In the letter, Mendoza wrote that the office of the attorney general consulted with KU’s legal counsel to learn more about PMAT’s creation and function. KU argued that the PMAT is not subject to KOMA because the group has no independent authority or power, makes no binding decisions and exists solely to offer advice to the chancellor.

Cudney took issue with multiple parts of the attorney general’s decision. He said the PMAT meetings could not be compared with an informal staff meeting because the PMAT has a committee chair.

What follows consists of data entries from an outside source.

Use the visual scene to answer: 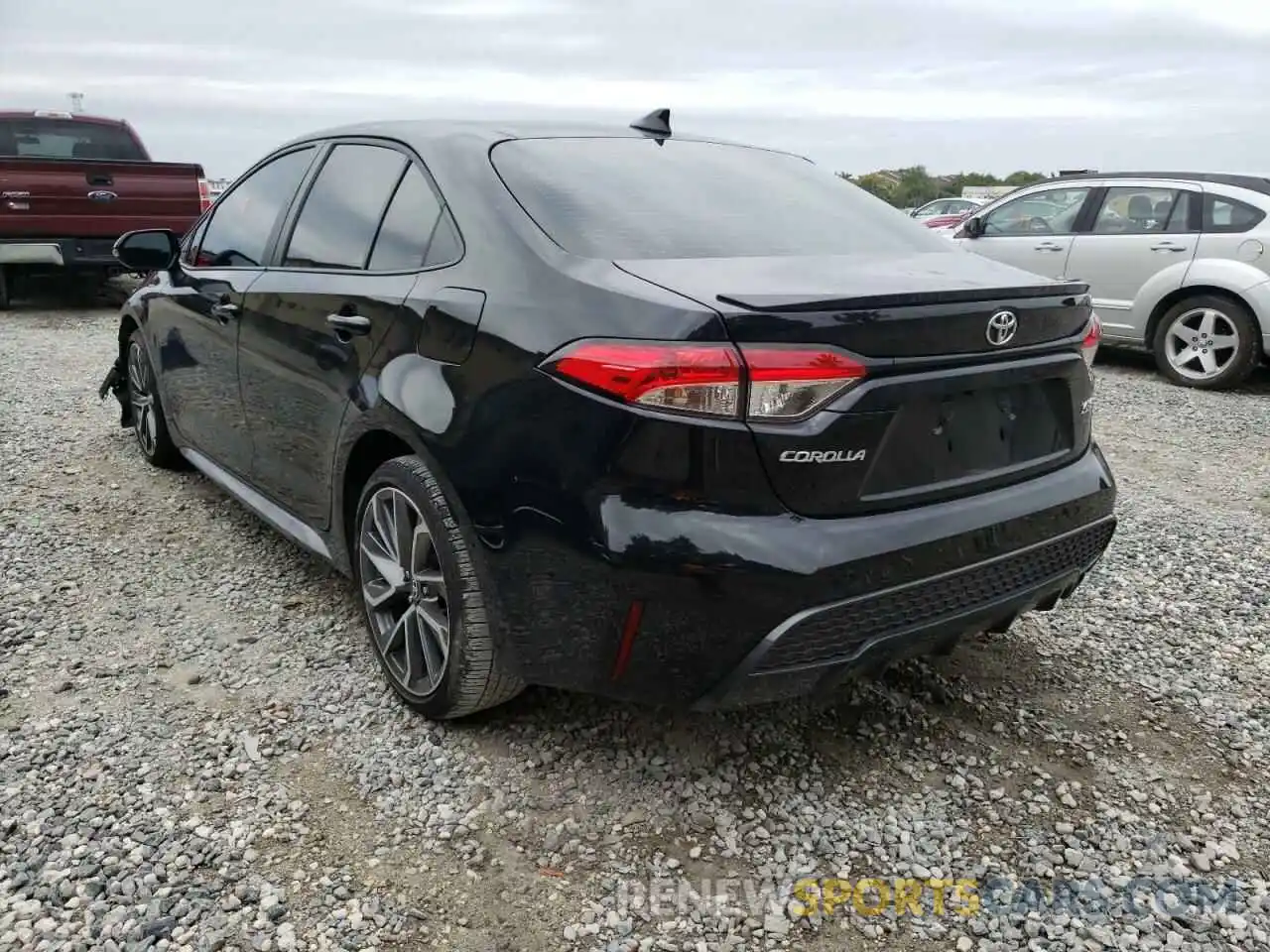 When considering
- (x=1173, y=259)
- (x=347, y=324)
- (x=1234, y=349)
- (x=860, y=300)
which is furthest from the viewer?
(x=1173, y=259)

On KU’s website about PMAT, Steve Stites, vice chancellor for clinical affairs at the KU Medical Center, is listed as “committee chair.”

“Calling Steve Stites, MD, the committee chair … shows that it is not an informal staff meeting as informal staff meetings are not committees with chairs that regularly meet every Wednesday,” Cudney wrote in a Tuesday press release from the student group KU Against Rising Tuition, of which Cudney is president.

KU spokesperson Erinn Barcomb-Peterson said that “the attorney general disagrees” with Cudney’s description of the group as more than an informal staff meeting.

Mendoza’s letter states that the PMAT is not formally constituted, has no formal charter, bylaws or regulations that it is required to follow. Though the group meets on a regular basis, Mendoza wrote that that is not surprising because of the nature of the pandemic.

Cudney also questioned how KU could say no minutes are kept at the PMAT meetings, when the group’s decision-making framework exists. The “Decision-Making Framework for Changes to State of Campus Operations” is available on KU’s PMAT website, protect.ku.edu/pmat.

“To create a well formatted PDF out of a group of people requires a method of orderly speaking, taking notes, and editing them together,” Cudney wrote in his press release.

Mendoza’s letter states that because the PMAT is not a subordinate group subject to KOMA’s requirements, the PMAT is not required to maintain meeting minutes.

Sanjay Mishra, president of KU’s University Senate, said in a Tuesday phone call with the Journal-World that while he wasn’t an expert on the law, he did understand community responsibility and rights. Mishra took issue with KU’s lack of transparency. Instead of hiding the PMAT meetings from the public eye, Mishra said KU — with its research capabilities — should be leading the state when it comes to setting up and sharing guidelines for reopening public organizations during the pandemic.

Kautsch, like Mishra, also called for transparency.

“(The) AG’s letter gives license to PMAT to continue to conduct its meetings in secret,” he wrote. “Despite the letter, KU should conduct PMAT meetings in the open going forward to prove to its constituents that it abides by the spirit, not just the letter, of open government laws.”

— Editor’s notes: This story has been clarified to reflect that the attorney general issues opinions rather than “rulings.”